When Kyle Busch takes the green flag for the start of Sunday night’s 38th annual TD Bank Oxford 250 at Oxford Plains Speedway, he will be looking to become just the second current NASCAR Sprint Cup driver to win the race since track owner Bill Ryan began bringing Cup drivers to the race in 2004.

Ryan started altering the date of the 250 to coincide with the off weekend for the Sprint Cup series so he could attract Cup drivers to Maine’s richest and most prestigious race.

Ironically, Kevin Harvick, whose confrontations with Busch this season have landed the two of them on probation, is the only Cup winner to have taken Oxford’s checkered flag (2008).

The local drivers respect the Cup drivers and they all expect Busch to be a stout contender.

Busch will be running in his third 250 and notched his 100th career win among NASCAR’s top three divisions (Camping World Truck Series, Nationwide and Sprint Cup) with his 49th Nationwide victory at New Hampshire Motor Speedway last weekend. That tied him with Mark Martin for most ever Nationwide wins.

He also has 22 Sprint Cup and 29 Camping World Truck series wins and he became the first driver in history to win in all three divisions on the same weekend last August at Bristol Motor Speedway (Tenn.).

For the first time, Busch will be bringing his own equipment as he will be driving his Kyle Busch Motorsports cars in both the Pro All-Stars Series Super Late Model North race on Saturday night and the TD Bank 250 on Sunday.

However, as Frenchville native Shawn Martin says, once the race begins “he’s just another guy as far as I’m concerned.”

Winthrop’s Jeff White added, “I love racing against people like that.
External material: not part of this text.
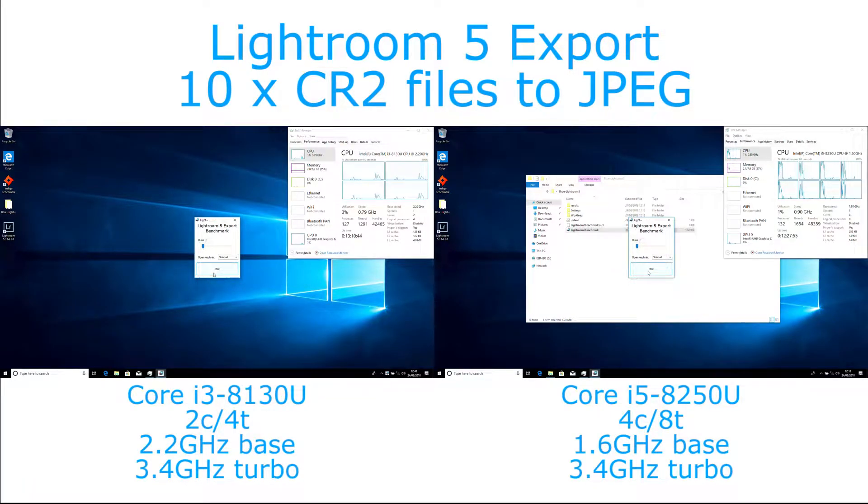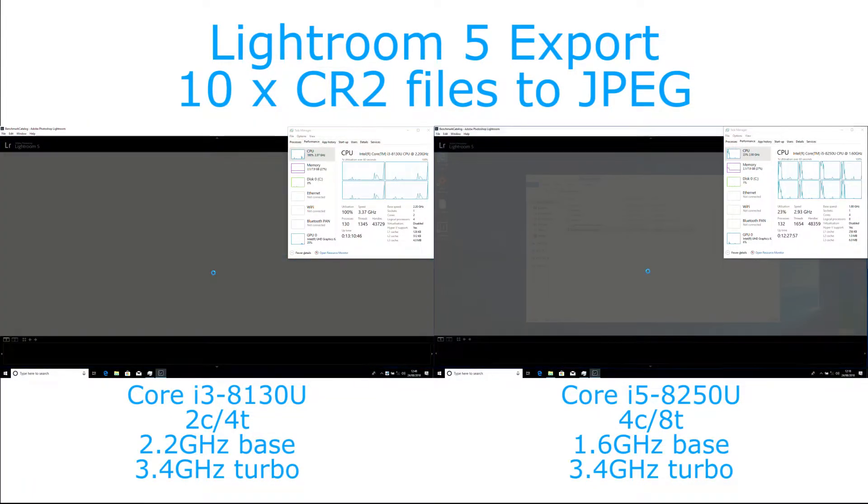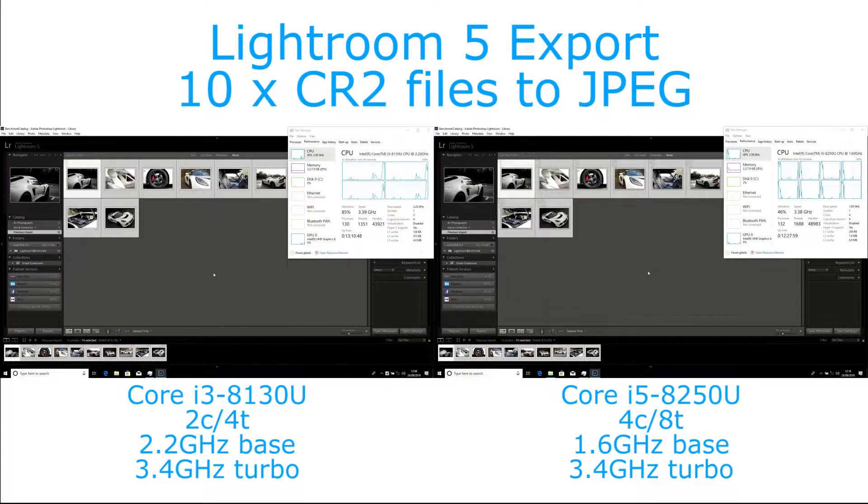Hi, I'm James, and in this video I'm taking a look at Lightroom 5 exporting files on a Core i3-8130U and a Core i5-8250U. This should also be analogous to the same operation in Lightroom 6 or Lightroom CC, as they still use CPU cores for the export process. What we see is the process takes about 57% longer on the Core i3-based system.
He’s just like anybody else out there.”

Lewiston’s Corey Morgan said Busch will be really good because he’ll have the best equipment and the best of everything.

“He’s the best talent out there. He’ll be tough,” Morgan said.

“Hopefully, he’ll be just as respectful of me and the rest of the guys as we will be of him,” said Otisfield racer Don Wentworth. “He’s obviously got talent.”

Albany Township’s Ricky Rolfe said Busch’s chances to win are better than the other drivers.. “He can adapt to all race tracks because that’s what does. We do this for a hobby. He does it for a living,” Rolfe said. “He has seen so many tracks, he can adapt to them quicker than we can. He thinks quicker and is a little bit quicker when it comes to suggesting changes to his car.

“Even though some of us have been racing at Oxford most of our careers, we have instilled some bad habits in our way of thinking and it’s sometimes hard for us to change our thinking,” added Rolfe, who finished second in the 250 in 2004.

Martin read about Busch before he got to Sprint Cup.

“There was an article about his brother, Kurt, and it said Kyle and their father, Tom, would go out and race Legends cars or anything they could get their hands on. They knew he was going to good,” Martin said.

Fort Kent’s Austin Theriault pointed out that Busch came up to test at Oxford recently.

“He almost has his own (racing groove). I don’t know how he does it. He’s a force to be reckoned with,” said Theriault. “Racing with him is going to be a learning experience. He’s no fluke. If you can run with him, it’ll be a confidence booster.”

Joey Polewarczyk Jr. of Hudson, N.H. said the fact Busch took a day to test and will run the PASS race on Saturday night shows that he prepares thoroughly..

“Some of the (Sprint Cup) guys just show up on Sunday, get in the car for the first time and drive it (beginning in the heat races),” said Polewarczyk. “But Busch and Harvick don’t come here to just ride around. They come here to win. Kyle will be another guy to contend with. He will be on his game. He’ll be tough.”

The drivers like having the Sprint Cup drivers in the field.

“The most important thing is it draws a lot of fans and other cars to the track,” said Morgan. “That’s great for all of us because it helps us get sponsors.”

White said Busch will attract fans who may not normally attend races “and if they like the racing, maybe they’ll come back on a weekly basis. If more people go to the races, maybe we’ll be able to get more sponsors. The crowds have gone downhill the last 20 years.”

Busch has led laps in his previous two appearances but finished sixth in 2005 and 22nd in 2006 when his engine blew up.

The other current or former Cup drivers who have run the 250 the previous seven years have included Harvick, Kurt Busch, Denny Hamlin, Matt Kenseth, Terry Labonte, Maine driver Ricky Craven, Kevin Lepage, J.J. Yeley and Kenny Wallace.